RECORDED DATA -

[Start of Attachment]

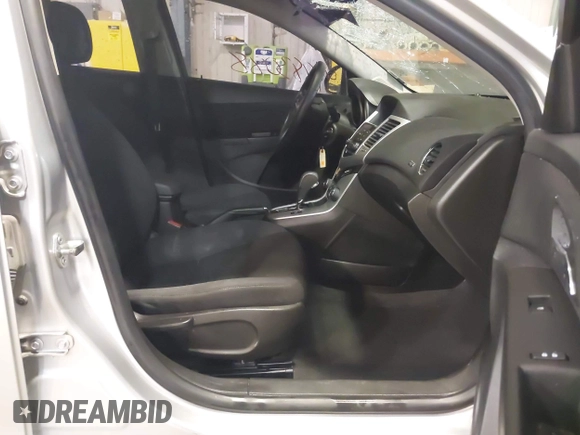 2015 Chevrolet Cruze LT with VIN 1G1PC5SB4F7132513, listed as a IAAI auction lot 41883088 with 131,185 mi miles and . Bid and sale history available at DreamBid. Image 5.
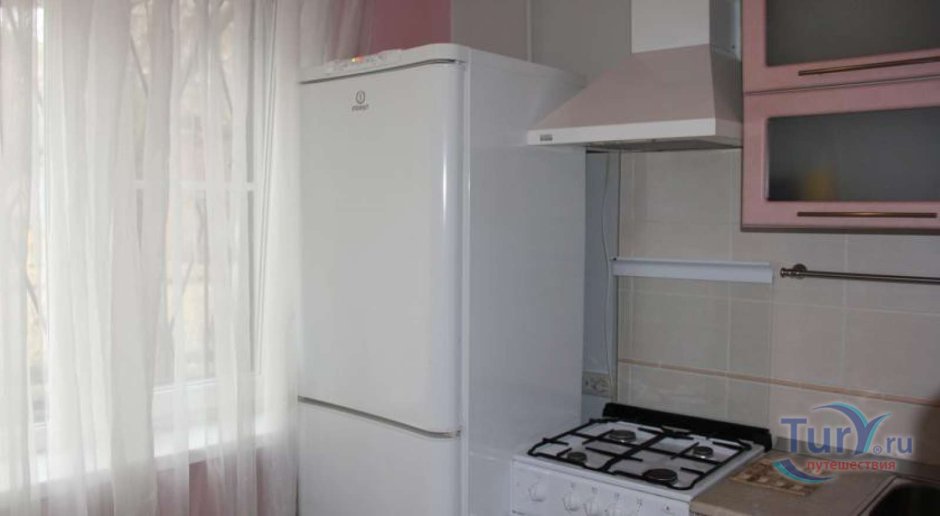 Интерьер кухни 6 метров с холодильником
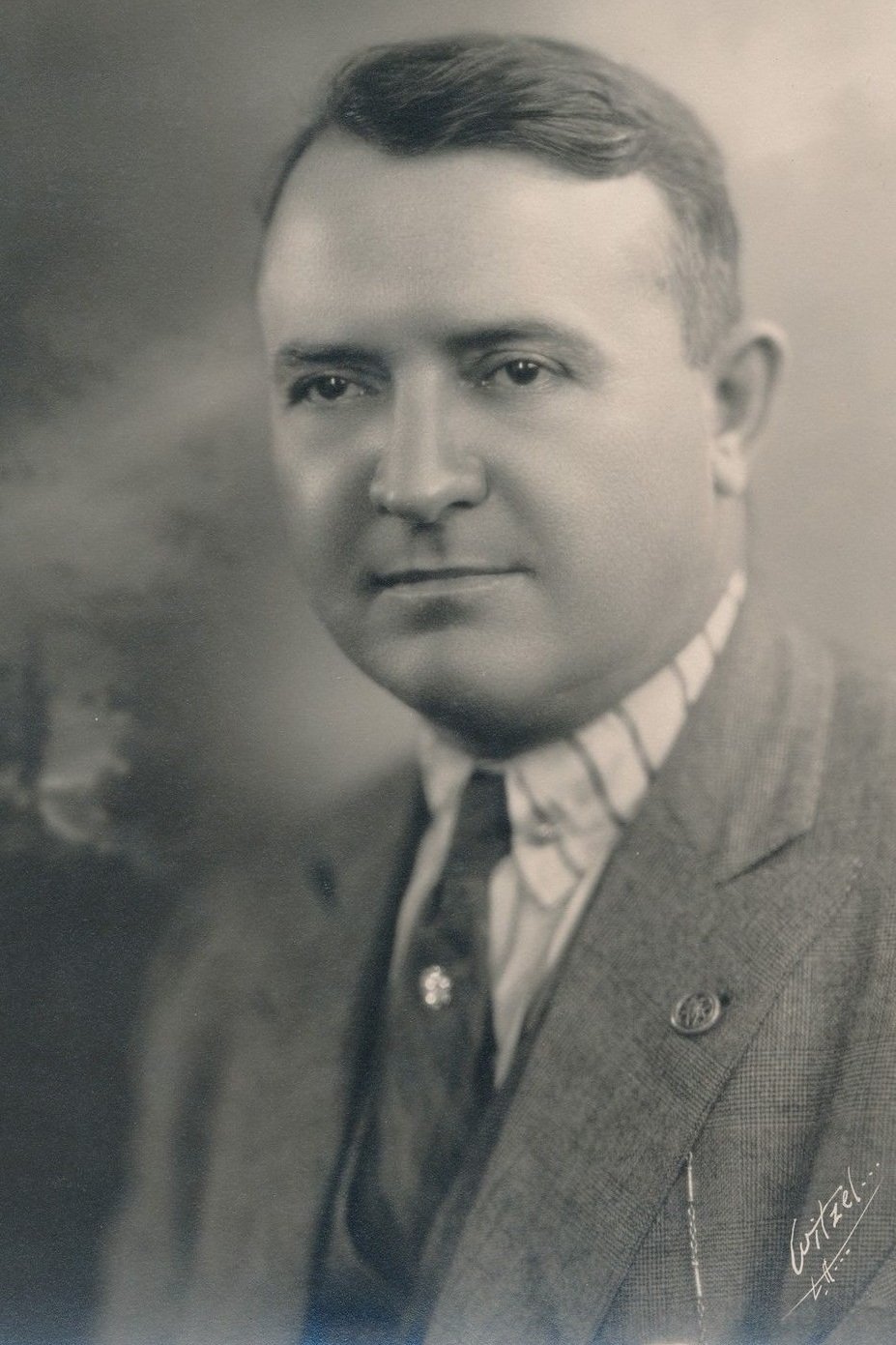 Photo Barney Oldfield
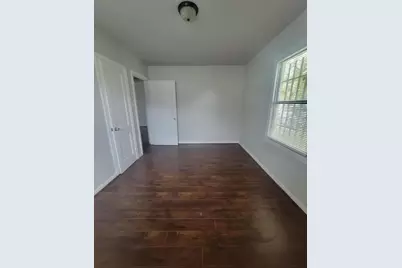 5318 Chennault Road, Houston, TX 77033 - Photo 5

[End of Attachment]

PROBLEM TO WORK ON -
Leaving out every picture, extract verbatim the lines from the one containing "Интерьер кухни 6 метров с холодильником" through the last line of the listing, inclusive.

OUTPUT OF THE TASK -
 Интерьер кухни 6 метров с холодильником
 Photo Barney Oldfield
 5318 Chennault Road, Houston, TX 77033 - Photo 5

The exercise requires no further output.